Future EU-UK trade cannot follow prolonged EU talks template – Hayes
EU-Canada trade proposal, started in 2008, published today
Brian Hayes MEP has highlighted the EU-Canada trade deal timeline, started in October 2008, and its implications for post Brexit EU-UK trade deal. Today (Tuesday) the EU Commission is bringing forward its proposal for the EU-Canada trade deal (Comprehensive Economic and Trade Agreement – CETA). The MEP for Dublin said the existing template for EU trade negotiations is not fit for purpose and that swift progress on a future EU-UK trade deal is vital to Ireland’s economic interests.
“Today (5th July) the EU Commission is bringing forward its proposal for an EU-Canada trade deal. In the context of Brexit, it’s important to remember this process started 8 years ago. The EU-Canada trade deal (Comprehensive Economic and Trade Agreement – CETA) is the biggest trade deal ever conducted by the EU, but would pale in significance to a future EU-UK deal.
“The focus on the UK triggering Article 50 and the two year time-frame is a distraction. The legal ‘scrubbing’ of CETA alone took nearly 2 years. This was after agreement on all issues was reached. Given the volume of trade over the Irish Sea and the English Channel an EU-UK deal would be considerably more complex.
“We must remember that there are two negotiations. The first is the negotiations around the UK leaving the EU, the second is about the future relationship of the UK with the remaining 27 member of the EU, including Ireland.
EU – Canada Trade Agreement (CETA) timeline:
October 2008 Joint study on EU-Canada trade
May 2009 Negotiations began
October 2013 Agreement in principle signed
August 2014 Negotiations concluded
September 2014 Text published
February 2016 End of the legal review
July 2016 European Commission publish proposal to conclude agreement
“With the UK currently party to existing EU trade standards and laws, we must build on the existing consensus quickly. 40 years of UK engagement with the Common Market will not be thrown out overnight, but the Chancellor’s comments about UK corporate tax rates are a sign that Britain is moving toward the exit door.

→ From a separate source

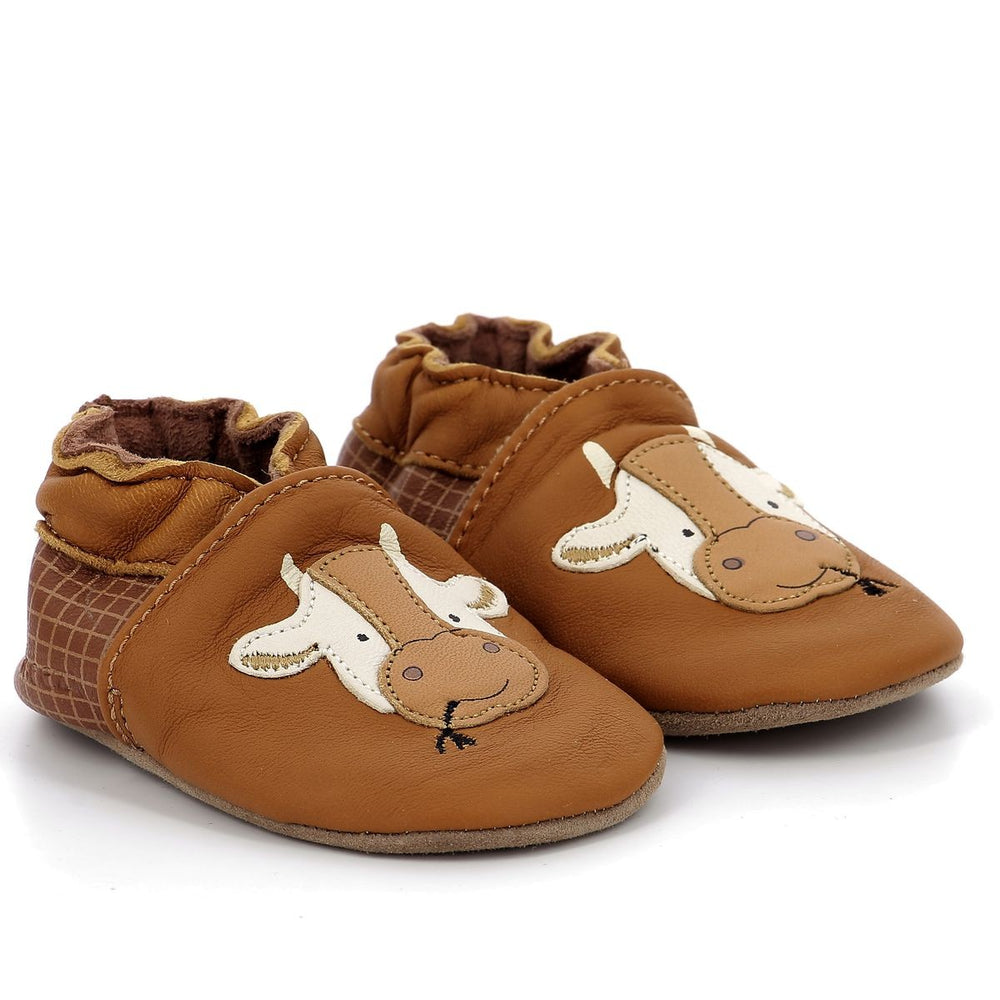 Zapatillas Robeez Divertida Vaca Camel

“A drawn out 7 year trade negotiation would bring uncertainty to the UK, with consequences for the Irish economy. Whatever about triggering Article 50, the bigger issue is preparing a swift path to a future EU-UK trade agreement. Avoiding a prolonged EU-UK trade negotiation is vital to Ireland’s economic interest. The EU-Canada negotiation timeline is a clear sign that the EU’s current negotiations template is not fit for purpose.”